┌─ Supplied material
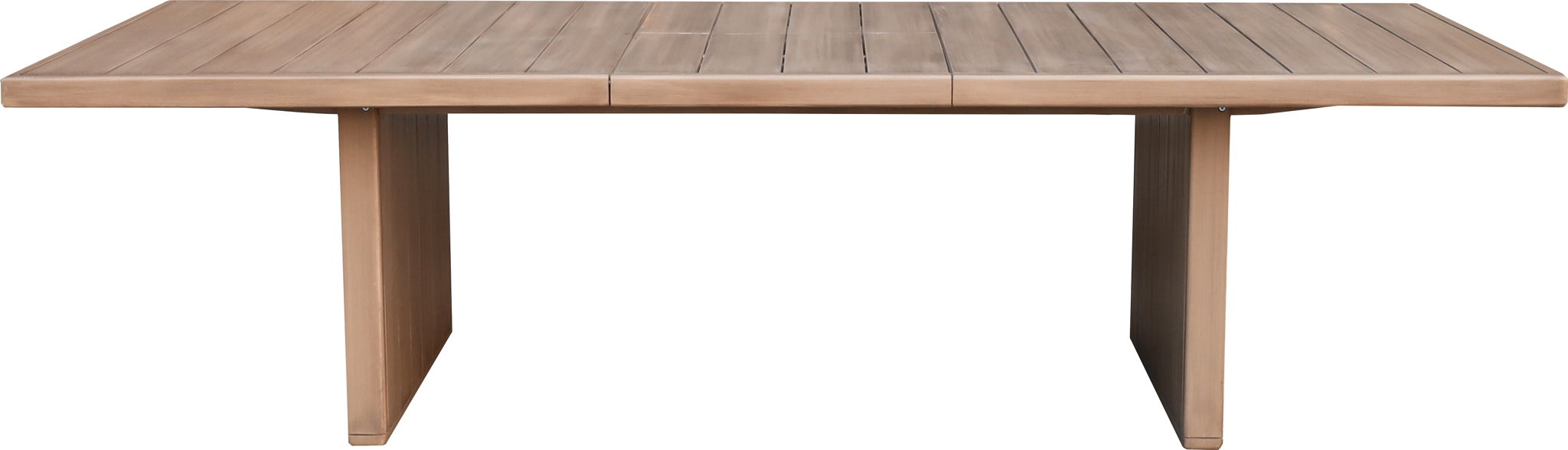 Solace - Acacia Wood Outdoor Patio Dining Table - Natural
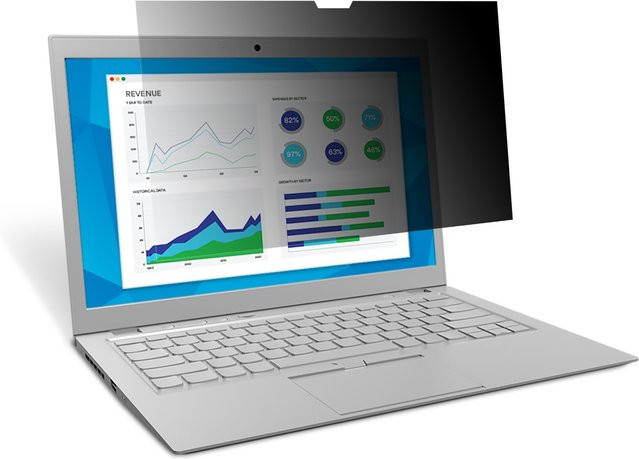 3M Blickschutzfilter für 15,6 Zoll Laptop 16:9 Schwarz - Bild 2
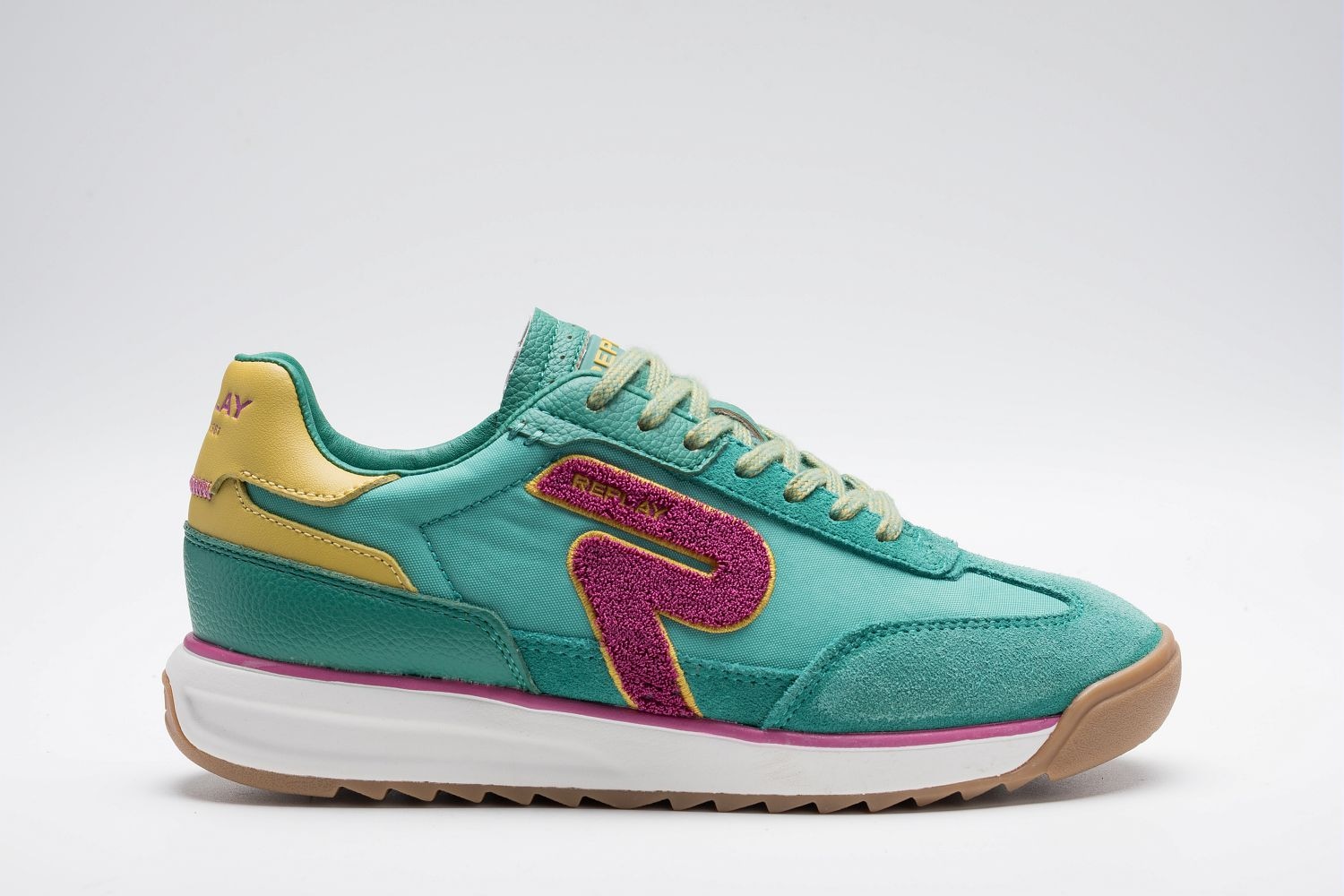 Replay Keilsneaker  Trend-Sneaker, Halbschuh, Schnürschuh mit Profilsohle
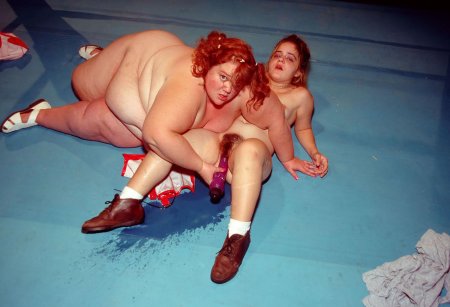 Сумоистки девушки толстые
└─
■ **Description of the task**
With the pictures excluded, retype exactly the lines from the one containing "Schnürschuh mit Profilsohle" through the last line of the listing, both ends included.

■ **Solution below**
 Replay Keilsneaker  Trend-Sneaker, Halbschuh, Schnürschuh mit Profilsohle
 Сумоистки девушки толстые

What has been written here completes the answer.